Museum Realizes Ten J.E.H. MacDonald Sketches Are Fakes—and Puts Them on Display
A new exhibition showcases how the Vancouver Art Gallery investigated the artworks’ authenticity
After concluding that ten donated sketches attributed to Canadian artist J.E.H. MacDonald are actually forgeries, the Vancouver Art Gallery has decided to display them anyway. The museum’s new exhibition, “J.E.H. MacDonald? A Tangled Garden,” is the culmination of nearly a decade of questions and media scrutiny regarding the paintings’ authenticity.
In 2015, the Vancouver Art Gallery received the sketches as a donation. Ian Thom, the museum’s former senior curator, thought they were authentic and called the paintings one of the “most significant historical [gifts]” the gallery had ever received.

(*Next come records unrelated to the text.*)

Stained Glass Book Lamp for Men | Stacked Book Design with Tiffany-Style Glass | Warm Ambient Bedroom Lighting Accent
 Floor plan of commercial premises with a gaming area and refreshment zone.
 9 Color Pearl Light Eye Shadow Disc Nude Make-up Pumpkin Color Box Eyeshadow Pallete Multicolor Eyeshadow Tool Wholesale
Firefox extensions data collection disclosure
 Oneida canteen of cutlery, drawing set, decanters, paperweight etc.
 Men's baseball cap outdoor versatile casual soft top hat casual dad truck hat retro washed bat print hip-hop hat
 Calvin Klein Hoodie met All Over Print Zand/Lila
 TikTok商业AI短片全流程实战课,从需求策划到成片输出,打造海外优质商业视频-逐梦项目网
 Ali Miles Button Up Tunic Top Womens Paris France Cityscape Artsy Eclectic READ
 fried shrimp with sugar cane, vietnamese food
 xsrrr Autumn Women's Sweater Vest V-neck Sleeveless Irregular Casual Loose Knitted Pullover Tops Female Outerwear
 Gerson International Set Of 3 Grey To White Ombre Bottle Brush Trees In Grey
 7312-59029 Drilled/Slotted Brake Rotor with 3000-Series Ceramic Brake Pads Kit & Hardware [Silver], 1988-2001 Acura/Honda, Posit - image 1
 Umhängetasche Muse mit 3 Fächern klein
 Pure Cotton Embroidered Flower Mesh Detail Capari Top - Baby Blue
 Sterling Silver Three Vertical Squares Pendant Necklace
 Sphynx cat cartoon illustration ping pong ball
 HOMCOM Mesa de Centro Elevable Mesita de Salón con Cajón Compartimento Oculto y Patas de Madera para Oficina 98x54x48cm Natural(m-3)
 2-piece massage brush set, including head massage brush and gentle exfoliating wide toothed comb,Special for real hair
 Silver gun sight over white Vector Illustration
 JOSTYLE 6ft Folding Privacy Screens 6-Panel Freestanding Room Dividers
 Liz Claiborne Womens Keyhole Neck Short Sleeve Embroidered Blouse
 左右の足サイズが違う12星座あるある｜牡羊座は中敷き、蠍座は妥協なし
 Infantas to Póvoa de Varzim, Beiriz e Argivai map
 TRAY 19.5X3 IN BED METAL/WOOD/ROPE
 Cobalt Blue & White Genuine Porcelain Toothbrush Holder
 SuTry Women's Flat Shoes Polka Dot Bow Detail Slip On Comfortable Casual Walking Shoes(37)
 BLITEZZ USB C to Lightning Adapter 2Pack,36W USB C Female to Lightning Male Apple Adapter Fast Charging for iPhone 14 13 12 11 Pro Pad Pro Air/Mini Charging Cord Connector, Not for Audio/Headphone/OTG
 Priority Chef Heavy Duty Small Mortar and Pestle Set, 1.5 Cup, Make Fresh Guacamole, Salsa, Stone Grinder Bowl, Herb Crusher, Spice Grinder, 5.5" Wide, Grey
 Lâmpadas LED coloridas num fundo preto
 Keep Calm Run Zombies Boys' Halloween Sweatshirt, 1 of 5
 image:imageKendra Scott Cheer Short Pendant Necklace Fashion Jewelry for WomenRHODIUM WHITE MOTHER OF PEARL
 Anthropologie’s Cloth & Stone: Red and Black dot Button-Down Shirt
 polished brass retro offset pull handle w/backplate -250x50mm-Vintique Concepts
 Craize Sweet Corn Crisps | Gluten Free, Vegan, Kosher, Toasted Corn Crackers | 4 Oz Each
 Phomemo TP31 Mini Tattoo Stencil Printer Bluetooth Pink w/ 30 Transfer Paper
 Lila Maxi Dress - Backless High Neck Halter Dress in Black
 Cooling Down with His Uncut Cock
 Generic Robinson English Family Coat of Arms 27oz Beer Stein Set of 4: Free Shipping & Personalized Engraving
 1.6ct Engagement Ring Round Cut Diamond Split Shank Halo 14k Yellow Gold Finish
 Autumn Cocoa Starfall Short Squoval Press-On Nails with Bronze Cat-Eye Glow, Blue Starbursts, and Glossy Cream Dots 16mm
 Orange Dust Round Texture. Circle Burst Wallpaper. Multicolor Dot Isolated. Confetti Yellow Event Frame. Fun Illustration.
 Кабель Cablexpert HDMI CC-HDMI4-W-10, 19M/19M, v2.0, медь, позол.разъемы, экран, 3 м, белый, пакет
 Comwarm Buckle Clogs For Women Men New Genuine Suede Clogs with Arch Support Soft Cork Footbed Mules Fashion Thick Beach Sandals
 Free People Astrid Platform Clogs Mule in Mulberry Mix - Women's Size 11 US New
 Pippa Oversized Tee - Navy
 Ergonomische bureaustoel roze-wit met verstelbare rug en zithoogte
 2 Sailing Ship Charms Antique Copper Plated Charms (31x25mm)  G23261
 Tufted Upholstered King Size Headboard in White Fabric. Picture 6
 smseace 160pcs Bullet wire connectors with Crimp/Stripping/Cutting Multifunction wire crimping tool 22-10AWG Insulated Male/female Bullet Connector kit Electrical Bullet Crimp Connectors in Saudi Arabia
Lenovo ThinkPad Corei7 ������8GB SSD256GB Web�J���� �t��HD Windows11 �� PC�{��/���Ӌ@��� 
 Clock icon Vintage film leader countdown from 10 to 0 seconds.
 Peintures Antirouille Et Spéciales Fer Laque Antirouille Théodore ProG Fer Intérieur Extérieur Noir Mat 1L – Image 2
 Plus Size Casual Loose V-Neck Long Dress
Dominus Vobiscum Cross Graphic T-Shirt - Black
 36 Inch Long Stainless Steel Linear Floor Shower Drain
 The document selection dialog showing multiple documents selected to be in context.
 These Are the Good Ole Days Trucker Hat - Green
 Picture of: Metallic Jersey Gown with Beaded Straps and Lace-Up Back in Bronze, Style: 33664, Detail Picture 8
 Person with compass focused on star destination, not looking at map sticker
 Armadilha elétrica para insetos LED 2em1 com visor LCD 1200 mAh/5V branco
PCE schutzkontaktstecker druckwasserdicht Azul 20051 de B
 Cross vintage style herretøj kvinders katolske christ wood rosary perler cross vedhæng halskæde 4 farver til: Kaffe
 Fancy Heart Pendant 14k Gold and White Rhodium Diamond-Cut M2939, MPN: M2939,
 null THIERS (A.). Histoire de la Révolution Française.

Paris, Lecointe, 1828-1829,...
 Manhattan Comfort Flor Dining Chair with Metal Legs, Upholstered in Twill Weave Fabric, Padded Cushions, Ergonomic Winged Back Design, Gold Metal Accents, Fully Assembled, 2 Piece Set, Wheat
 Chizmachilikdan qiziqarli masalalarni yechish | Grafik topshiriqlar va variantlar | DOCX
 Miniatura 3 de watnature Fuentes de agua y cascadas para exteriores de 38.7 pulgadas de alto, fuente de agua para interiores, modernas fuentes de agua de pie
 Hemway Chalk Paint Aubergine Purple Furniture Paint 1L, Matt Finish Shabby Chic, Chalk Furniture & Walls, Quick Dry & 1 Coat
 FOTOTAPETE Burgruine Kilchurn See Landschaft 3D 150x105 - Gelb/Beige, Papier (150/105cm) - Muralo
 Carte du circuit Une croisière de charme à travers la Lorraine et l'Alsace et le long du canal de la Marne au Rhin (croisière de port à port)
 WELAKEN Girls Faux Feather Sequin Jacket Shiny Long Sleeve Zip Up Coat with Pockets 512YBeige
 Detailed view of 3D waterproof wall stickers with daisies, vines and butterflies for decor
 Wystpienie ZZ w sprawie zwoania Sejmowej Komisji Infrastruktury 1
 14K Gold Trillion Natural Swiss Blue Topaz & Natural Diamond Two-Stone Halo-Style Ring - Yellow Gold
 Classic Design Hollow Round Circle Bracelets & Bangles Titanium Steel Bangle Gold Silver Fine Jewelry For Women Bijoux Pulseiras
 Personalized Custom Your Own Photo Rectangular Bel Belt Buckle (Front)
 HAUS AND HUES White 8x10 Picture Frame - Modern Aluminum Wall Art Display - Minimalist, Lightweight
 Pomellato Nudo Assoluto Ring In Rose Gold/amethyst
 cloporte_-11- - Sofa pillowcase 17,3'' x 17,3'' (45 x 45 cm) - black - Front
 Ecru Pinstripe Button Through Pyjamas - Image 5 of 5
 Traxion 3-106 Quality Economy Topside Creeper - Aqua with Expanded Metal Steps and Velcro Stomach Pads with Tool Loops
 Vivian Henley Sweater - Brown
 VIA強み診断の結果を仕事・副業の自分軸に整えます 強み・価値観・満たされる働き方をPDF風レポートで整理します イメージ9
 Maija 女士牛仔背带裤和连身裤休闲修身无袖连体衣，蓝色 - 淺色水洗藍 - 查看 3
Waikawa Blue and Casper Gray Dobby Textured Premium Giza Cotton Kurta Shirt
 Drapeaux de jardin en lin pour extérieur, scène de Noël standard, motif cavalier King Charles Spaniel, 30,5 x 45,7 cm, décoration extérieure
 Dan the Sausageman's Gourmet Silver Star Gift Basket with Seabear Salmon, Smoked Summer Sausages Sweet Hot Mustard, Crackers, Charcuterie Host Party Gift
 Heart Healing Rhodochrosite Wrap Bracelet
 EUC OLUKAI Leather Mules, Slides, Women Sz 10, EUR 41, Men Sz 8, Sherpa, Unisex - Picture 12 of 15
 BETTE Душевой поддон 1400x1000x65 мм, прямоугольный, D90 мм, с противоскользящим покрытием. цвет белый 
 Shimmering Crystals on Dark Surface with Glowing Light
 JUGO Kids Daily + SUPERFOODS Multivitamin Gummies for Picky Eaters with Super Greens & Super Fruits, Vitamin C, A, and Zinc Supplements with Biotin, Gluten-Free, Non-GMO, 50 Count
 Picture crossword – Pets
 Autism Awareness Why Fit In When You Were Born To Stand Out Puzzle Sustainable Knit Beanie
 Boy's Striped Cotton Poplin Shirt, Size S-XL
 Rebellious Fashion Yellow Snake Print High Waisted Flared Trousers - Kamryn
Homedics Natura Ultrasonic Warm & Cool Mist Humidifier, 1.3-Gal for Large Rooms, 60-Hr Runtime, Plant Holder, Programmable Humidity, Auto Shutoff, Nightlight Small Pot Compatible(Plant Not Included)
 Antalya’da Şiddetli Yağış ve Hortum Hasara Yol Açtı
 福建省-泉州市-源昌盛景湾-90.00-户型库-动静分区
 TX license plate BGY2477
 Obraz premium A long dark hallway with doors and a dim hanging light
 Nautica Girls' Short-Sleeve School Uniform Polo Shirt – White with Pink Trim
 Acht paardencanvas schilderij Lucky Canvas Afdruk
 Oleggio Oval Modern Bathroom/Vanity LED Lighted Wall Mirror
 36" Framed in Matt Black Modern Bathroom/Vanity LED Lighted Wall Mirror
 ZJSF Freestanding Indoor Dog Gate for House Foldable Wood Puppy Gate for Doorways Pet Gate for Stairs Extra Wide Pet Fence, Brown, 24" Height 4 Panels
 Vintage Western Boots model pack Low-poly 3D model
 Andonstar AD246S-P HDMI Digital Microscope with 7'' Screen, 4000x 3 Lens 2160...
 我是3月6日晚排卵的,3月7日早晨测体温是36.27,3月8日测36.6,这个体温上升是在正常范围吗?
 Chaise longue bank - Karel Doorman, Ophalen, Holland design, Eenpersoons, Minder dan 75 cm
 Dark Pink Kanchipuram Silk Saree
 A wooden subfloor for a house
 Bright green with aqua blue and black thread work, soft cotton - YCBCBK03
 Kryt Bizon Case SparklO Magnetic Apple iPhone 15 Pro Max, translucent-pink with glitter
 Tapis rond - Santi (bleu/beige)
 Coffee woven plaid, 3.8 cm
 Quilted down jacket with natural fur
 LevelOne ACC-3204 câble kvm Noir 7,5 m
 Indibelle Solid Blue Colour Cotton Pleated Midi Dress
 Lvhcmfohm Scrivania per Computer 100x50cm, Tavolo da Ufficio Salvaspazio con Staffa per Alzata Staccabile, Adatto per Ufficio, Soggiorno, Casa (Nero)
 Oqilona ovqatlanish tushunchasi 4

MacDonald is one of Canada’s most revered painters. He was a founding member of the Group of Seven, a collective of landscape artists whose work helped shape Canada’s national identity in the early 20th century. When the gallery acquired the ten sketches, officials hoped they could shed new light on the artist’s process.
The museum was under the impression that MacDonald and his son had buried the sketches in their backyard in the 1930s, according to the Globe and Mail’s Marsha Lederman, who has extensively covered the forgeries. As the story goes, a family friend, Max Merkur, rediscovered the works in the 1970s, and Merkur’s children donated them to the gallery.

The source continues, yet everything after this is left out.